Il Procuratore Nazionale Antimafia Pietro Grasso (al centro) |
L’aula 5 della Facoltà di Scienze politiche è colma. Stracolma. C’è una bella energia, un’aria di partecipazione e di impegno, un non so che di vitale. Sono tantissimi gli studenti che oggi, in una Perugia assolata, ascoltano attenti le parole di Pietro Grasso. Il Procuratore Nazionale Antimafia ci tiene ad incontrare i giovani che, spiega, incarnano la speranza nel cambiamento.
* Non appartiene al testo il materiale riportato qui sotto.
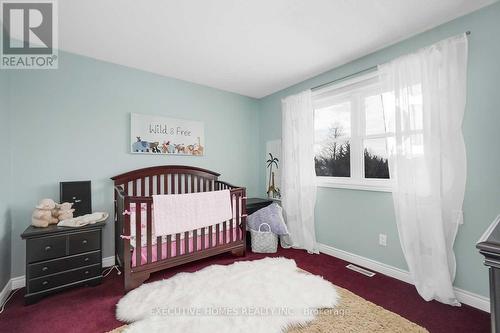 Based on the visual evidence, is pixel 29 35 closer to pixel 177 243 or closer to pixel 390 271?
pixel 177 243

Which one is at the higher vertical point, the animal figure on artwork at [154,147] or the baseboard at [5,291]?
the animal figure on artwork at [154,147]

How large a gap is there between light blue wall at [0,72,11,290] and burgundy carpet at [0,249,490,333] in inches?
11.8

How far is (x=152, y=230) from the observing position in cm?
215

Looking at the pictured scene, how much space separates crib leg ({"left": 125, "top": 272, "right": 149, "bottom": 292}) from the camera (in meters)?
1.99

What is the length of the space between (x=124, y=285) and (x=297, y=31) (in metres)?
2.81

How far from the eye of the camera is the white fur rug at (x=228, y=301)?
1517 mm

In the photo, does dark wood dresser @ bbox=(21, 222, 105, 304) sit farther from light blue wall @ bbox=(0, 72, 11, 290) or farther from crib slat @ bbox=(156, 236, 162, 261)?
→ crib slat @ bbox=(156, 236, 162, 261)

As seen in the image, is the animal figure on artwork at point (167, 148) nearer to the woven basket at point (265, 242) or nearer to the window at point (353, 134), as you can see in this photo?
the woven basket at point (265, 242)

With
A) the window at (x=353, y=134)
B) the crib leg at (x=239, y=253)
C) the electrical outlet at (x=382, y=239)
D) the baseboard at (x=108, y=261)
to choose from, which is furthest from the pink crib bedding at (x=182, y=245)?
the electrical outlet at (x=382, y=239)

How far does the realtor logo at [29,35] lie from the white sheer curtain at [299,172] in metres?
2.59

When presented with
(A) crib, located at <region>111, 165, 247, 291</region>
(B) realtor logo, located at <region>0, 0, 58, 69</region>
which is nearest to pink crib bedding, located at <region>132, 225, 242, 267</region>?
(A) crib, located at <region>111, 165, 247, 291</region>

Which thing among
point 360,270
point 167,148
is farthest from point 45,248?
point 360,270

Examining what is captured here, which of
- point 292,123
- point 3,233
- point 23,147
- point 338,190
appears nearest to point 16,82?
point 23,147

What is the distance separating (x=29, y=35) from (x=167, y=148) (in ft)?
5.35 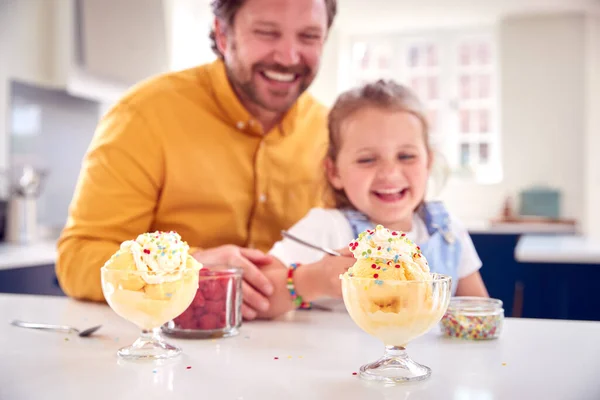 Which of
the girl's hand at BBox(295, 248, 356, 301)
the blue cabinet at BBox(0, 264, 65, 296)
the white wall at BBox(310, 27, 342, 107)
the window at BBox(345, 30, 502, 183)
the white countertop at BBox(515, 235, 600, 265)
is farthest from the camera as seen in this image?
the white wall at BBox(310, 27, 342, 107)

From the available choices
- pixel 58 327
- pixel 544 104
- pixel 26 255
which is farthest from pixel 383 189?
pixel 544 104

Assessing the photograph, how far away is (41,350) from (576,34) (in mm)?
7055

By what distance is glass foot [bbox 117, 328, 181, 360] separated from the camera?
893mm

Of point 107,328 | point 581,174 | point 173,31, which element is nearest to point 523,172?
point 581,174

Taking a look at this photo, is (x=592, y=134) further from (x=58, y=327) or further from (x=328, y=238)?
(x=58, y=327)

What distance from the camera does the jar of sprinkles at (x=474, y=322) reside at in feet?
3.35

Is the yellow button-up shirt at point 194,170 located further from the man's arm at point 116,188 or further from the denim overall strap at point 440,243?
the denim overall strap at point 440,243

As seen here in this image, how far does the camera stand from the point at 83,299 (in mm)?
1435

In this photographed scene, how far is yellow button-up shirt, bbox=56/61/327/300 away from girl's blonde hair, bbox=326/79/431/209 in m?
0.12

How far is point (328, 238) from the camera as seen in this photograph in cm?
146

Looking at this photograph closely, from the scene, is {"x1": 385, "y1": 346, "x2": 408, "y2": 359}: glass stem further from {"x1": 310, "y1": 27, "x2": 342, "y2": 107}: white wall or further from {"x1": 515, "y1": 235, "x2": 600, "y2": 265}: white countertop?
{"x1": 310, "y1": 27, "x2": 342, "y2": 107}: white wall

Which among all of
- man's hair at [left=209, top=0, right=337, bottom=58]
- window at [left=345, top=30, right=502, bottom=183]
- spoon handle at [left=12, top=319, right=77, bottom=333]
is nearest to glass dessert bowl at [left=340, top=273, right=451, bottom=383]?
spoon handle at [left=12, top=319, right=77, bottom=333]

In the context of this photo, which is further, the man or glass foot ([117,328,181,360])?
the man

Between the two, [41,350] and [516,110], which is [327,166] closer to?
[41,350] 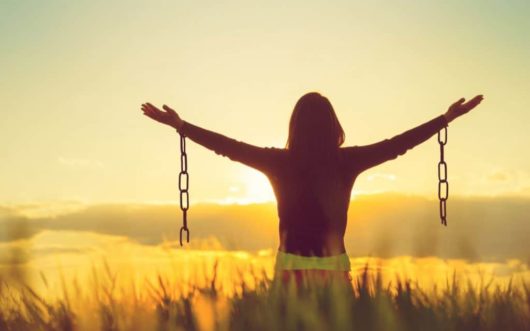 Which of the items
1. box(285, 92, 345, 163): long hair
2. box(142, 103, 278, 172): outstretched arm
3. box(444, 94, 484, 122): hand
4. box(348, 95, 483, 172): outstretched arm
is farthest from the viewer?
box(444, 94, 484, 122): hand

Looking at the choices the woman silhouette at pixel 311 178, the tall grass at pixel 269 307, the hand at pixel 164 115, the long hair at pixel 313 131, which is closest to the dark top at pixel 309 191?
the woman silhouette at pixel 311 178

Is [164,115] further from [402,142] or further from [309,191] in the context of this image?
[402,142]

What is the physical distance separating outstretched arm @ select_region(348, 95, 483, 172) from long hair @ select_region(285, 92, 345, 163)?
28 cm

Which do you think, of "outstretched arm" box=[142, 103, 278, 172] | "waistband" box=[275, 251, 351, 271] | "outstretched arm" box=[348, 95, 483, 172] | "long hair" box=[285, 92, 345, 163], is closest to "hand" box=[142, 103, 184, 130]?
"outstretched arm" box=[142, 103, 278, 172]

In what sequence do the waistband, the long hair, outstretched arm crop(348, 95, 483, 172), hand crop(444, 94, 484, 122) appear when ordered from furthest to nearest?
1. hand crop(444, 94, 484, 122)
2. outstretched arm crop(348, 95, 483, 172)
3. the long hair
4. the waistband

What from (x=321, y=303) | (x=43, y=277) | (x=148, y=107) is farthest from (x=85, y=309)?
(x=148, y=107)

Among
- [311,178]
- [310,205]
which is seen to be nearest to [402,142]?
[311,178]

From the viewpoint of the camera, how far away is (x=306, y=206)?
24.6 ft

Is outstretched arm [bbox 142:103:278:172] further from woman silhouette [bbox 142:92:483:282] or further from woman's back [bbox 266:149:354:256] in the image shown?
woman's back [bbox 266:149:354:256]

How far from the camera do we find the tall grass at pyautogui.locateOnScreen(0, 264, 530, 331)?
4.86 metres

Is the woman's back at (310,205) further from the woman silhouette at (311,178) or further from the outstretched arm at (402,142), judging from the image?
the outstretched arm at (402,142)

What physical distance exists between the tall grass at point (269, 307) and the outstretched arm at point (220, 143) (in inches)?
74.2

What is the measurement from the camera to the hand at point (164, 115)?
848 centimetres

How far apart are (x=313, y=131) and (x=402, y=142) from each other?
1.27 meters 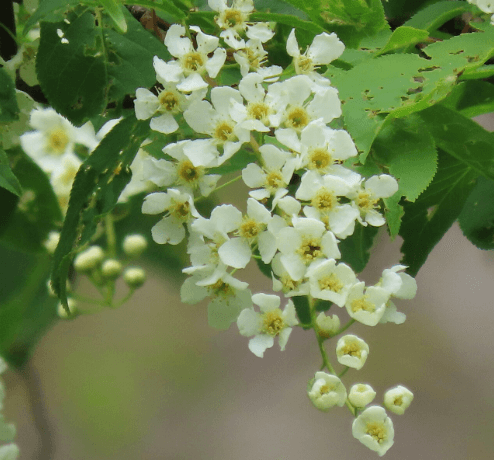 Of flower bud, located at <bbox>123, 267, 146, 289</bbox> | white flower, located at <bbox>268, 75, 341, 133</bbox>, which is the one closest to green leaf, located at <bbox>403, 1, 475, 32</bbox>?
white flower, located at <bbox>268, 75, 341, 133</bbox>

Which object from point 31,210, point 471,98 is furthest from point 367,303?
point 31,210

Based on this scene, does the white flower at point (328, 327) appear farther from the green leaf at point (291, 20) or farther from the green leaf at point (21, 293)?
the green leaf at point (21, 293)

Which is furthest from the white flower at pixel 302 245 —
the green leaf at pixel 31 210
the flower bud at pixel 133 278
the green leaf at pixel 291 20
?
the flower bud at pixel 133 278

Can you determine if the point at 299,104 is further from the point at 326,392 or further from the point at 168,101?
the point at 326,392

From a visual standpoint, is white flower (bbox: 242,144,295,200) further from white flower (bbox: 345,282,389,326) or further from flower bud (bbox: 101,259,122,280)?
flower bud (bbox: 101,259,122,280)

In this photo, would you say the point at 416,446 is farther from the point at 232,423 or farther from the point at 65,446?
the point at 65,446

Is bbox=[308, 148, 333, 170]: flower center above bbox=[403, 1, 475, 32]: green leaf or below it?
below

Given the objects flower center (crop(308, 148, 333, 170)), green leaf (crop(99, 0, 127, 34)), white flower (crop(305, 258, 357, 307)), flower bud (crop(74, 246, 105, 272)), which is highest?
green leaf (crop(99, 0, 127, 34)) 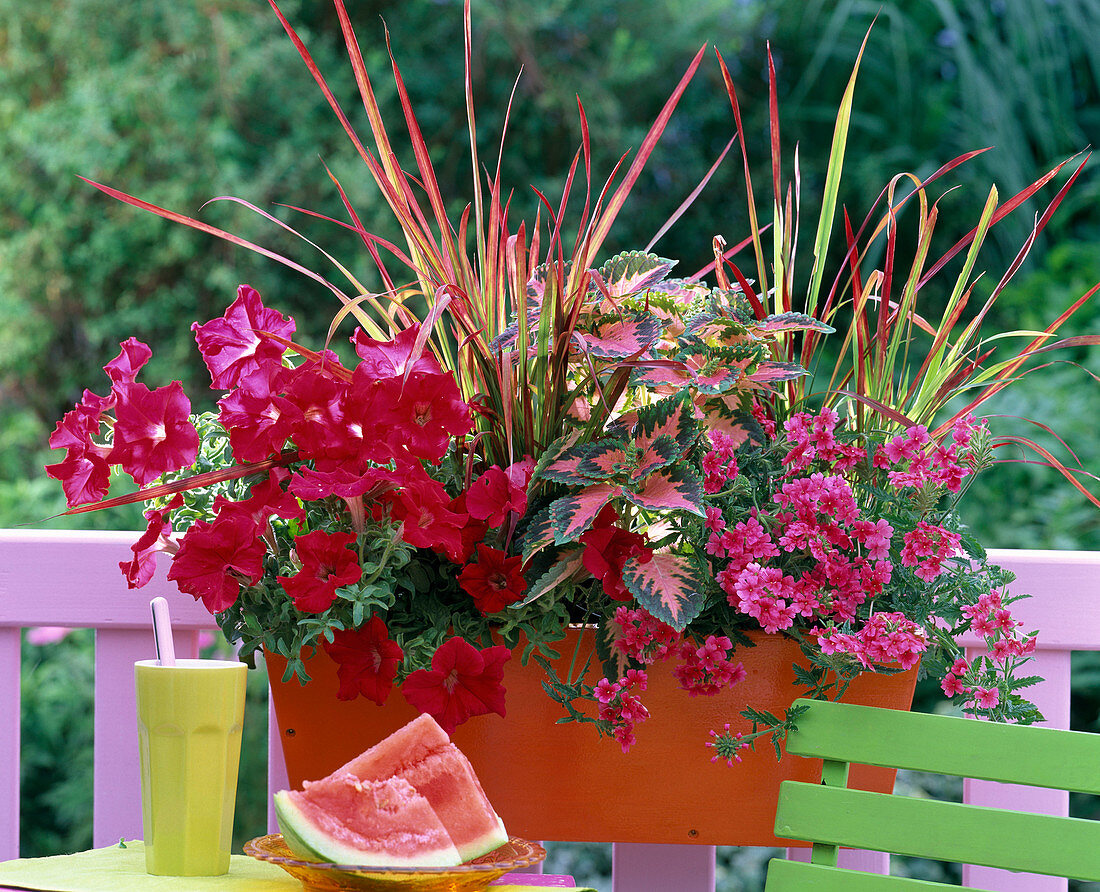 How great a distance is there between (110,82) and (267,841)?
364 cm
Lui che, proprio da giovane, anzi da giovanissimo, decise che il suo sogno sarebbe stato quello di diventare magistrato. «Sono cresciuto in una Palermo le cui strade erano lastricate dal sangue dei cadaveri: a 24 anni ero magistrato. Volevo capire il perché, il perché di quelle vittime». «A 25 mi sono sposato e a 26 avevo dei figli», aggiunge soddisfatto. Pretore a Barrafranca prima, procuratore al Tribunale di Palermo poi, dal 2005 è a capo della Direzione Nazionale Antimafia. È il “maxiprocesso” (1986 -87) la vera e propria svolta nella vita (da quel giorno è sotto scorta) e nella carriera di Pietro Grasso. E in quell’occasione redige una sentenza di circa 7 mila pagine, scritte in 8 mesi di durissimo lavoro, «perchè non si trattava semplicemente di processare l’associazione, ma tutti i delitti che questa aveva perpetrato in ben dieci anni».
Ma
che cosa è la mafia? Quale è la
sua struttura, come è organizzata, come vengono intessute le sue relazioni
esterne? Guai a ritenerla mera realtà romanzesca sul modello de Il Padrino,
spiega Grasso, men che meno problema etnico della sola Sicilia («la linea
della Palma si sposta sempre più verso nord», avvertiva Leonardo Sciascia). «La mafia – continua il Procuratore –
non è solo un’organizzazione criminale, è qualcosa di più», la Mafia è furba
e approfitta, rapace e avida, delle assenze dello Stato: si sostituisce alla giustizia, fornisce servizi,
dà lavoro. Una sorta di “welfare criminale”, al posto di quello legittimo che –
in molte parti del Paese – tarda a venire o non è mai arrivato. E poi c’è la
mafia contemporanea, quella delle reti di affari, sempre più difficile da
decifrare, in quanto sfugge all’elementare rapporto corrotto-corruttore. È il tempo delle società multiservizi e
il mafioso – abbandonati lupara e coppola – indossa giacca, cravatta e
ventiquattrore.
Numerosissimi gli studenti alla lezione di Piero Grasso |
Immancabili
e numerosissimi i riferimenti – intensi ma privi di retorica – ai colleghi Falcone
e Borsellino: «hanno posto le basi
per la lotta alla criminalità organizzata. È grazie a loro se oggi
cominciano ad arrivare i primi risultati». Ma ancora molta è la strada da fare. Già perché, come una tela di
Penelope, la lotta alla mafia è fatta di slanci in avanti e battute d’arresto:
per funzionare, deve essere continua e continuativa e vince solo se viene
valorizzato il lavoro che altri hanno svolto in precedenza.
Oggi
più che mai – è l’appello genuino di un uomo che crede nella giustizia – serve una
cultura della legalità, che non
è solo rispetto delle regole, ma soprattutto sistema di principi, ideali e
valori. Servono (buone) utopie e fiducia nel cambiamento. Al bando i falsi miti
e la rassegnazione.
«Perché la legalità è la forza dei deboli». E può essere dirompente.